Inside the building are the Maison’s iconic collections as well as high jewellery pieces amidst inbuilt garden oases, with lush foliage that draws the eye across the sweeping ground floor. Designed in collaboration with renowned Korean landscape artist SeoAhn, the garden will change with the seasons, bringing Van Cleef & Arpels’ favourite inspiration into its very own maison. The gardens extend across the levels, and the mezzanines and private spaces designed by Jouin Manku bring together both Korean artistic heritage and inspirations that are emblematic of the jewellery house. Across all five floors, visitors will be able to find heritage items dotted across. Currently, one of the floors is still hosting an exhibition, A stroll in Van Cleef & Arpels’ poetic universe, which pays tribute to the maison’s heritage.
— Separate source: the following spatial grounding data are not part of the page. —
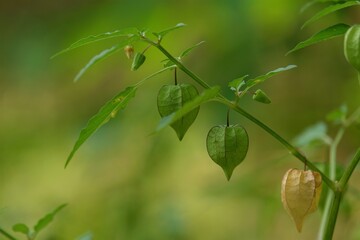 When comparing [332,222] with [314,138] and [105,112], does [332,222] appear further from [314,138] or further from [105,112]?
[314,138]

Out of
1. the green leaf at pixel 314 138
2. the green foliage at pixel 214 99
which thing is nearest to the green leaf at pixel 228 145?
the green foliage at pixel 214 99

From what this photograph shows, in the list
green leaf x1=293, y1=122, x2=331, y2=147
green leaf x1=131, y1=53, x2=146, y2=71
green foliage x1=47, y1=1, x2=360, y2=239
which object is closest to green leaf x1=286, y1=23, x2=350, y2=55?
green foliage x1=47, y1=1, x2=360, y2=239

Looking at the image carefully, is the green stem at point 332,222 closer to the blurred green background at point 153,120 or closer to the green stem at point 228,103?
the green stem at point 228,103

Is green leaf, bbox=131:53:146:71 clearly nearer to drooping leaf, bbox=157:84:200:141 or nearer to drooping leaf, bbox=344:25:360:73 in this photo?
drooping leaf, bbox=157:84:200:141

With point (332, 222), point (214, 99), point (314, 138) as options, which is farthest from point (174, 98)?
point (314, 138)

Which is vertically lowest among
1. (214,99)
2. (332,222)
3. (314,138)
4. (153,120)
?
(153,120) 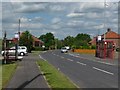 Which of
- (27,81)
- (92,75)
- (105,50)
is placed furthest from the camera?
(105,50)

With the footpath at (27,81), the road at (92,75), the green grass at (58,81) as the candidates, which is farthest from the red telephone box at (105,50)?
the green grass at (58,81)

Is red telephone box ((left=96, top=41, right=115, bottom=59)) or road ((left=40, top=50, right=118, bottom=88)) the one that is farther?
red telephone box ((left=96, top=41, right=115, bottom=59))

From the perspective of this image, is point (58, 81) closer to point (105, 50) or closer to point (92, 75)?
point (92, 75)

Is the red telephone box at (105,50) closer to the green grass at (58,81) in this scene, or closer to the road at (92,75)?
the road at (92,75)

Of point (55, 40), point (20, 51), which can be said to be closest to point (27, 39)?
point (20, 51)

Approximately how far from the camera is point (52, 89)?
1445 centimetres

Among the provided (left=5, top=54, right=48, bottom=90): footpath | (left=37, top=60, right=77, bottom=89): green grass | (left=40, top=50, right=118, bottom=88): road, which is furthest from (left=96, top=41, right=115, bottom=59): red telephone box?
(left=37, top=60, right=77, bottom=89): green grass

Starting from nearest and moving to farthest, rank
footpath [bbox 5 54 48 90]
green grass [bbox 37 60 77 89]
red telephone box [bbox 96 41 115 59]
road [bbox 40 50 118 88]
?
footpath [bbox 5 54 48 90] → green grass [bbox 37 60 77 89] → road [bbox 40 50 118 88] → red telephone box [bbox 96 41 115 59]

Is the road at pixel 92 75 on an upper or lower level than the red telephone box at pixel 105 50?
lower

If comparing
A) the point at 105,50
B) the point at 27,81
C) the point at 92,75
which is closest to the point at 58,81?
the point at 27,81

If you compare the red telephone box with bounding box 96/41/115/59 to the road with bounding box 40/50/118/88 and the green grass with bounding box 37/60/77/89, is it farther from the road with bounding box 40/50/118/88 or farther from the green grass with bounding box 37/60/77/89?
the green grass with bounding box 37/60/77/89

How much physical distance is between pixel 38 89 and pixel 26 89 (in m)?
0.48

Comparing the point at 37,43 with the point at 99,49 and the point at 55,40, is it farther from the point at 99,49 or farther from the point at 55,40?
the point at 99,49

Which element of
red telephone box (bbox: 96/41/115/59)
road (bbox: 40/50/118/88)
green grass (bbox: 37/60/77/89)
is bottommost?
road (bbox: 40/50/118/88) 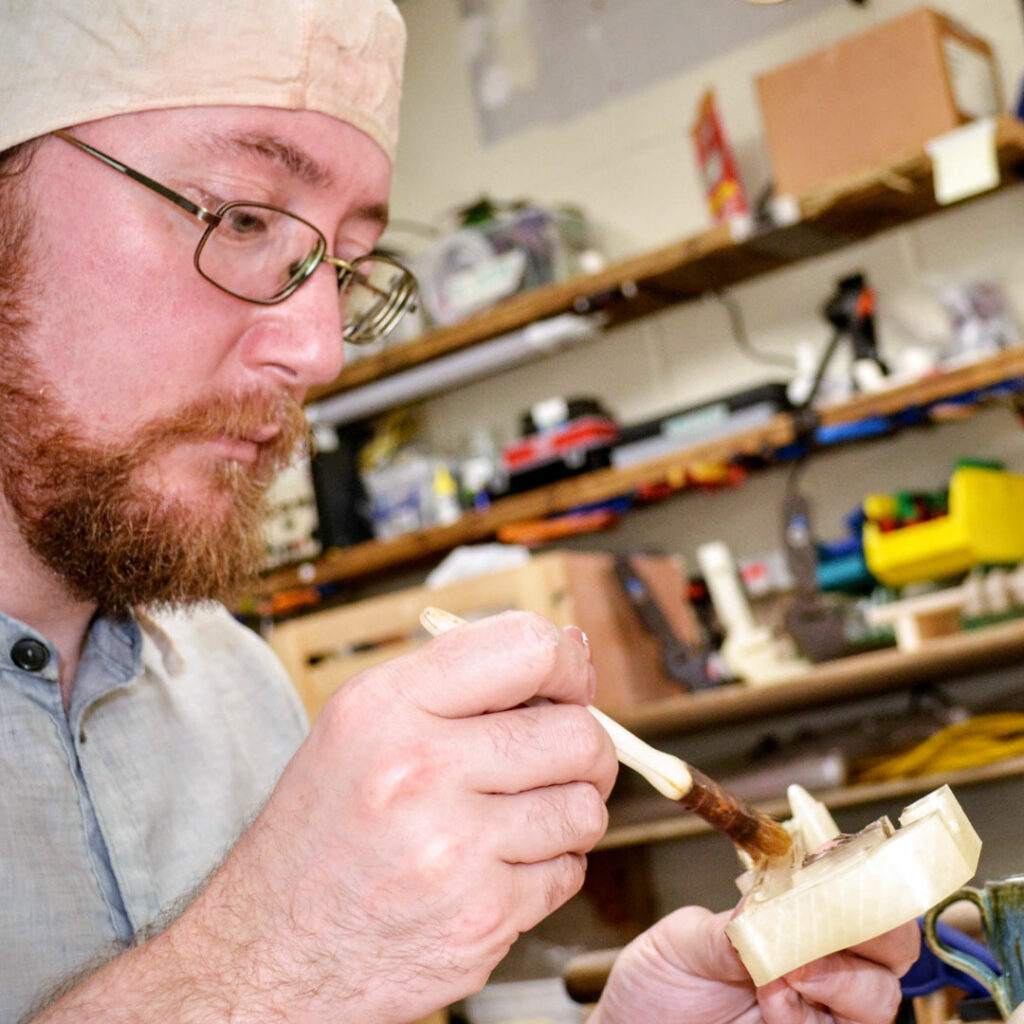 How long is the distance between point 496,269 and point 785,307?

Given that the Seoul Maison is the fifth stand-alone boutique, joining Paris’s Place Vendôme location,
New York’s Fifth Avenue store, Tokyo’s Ginza and Hong Kong’s Landmark Prince’s outposts, the maison has collaborated again with Korean visual director Younghee Suh for Enchanting Interpretations, a collection of photographs taken of some of the house’s more iconic pieces such as the Zip necklace from 1951 and the Dancer clip from 1942 through a Korean lens and palette.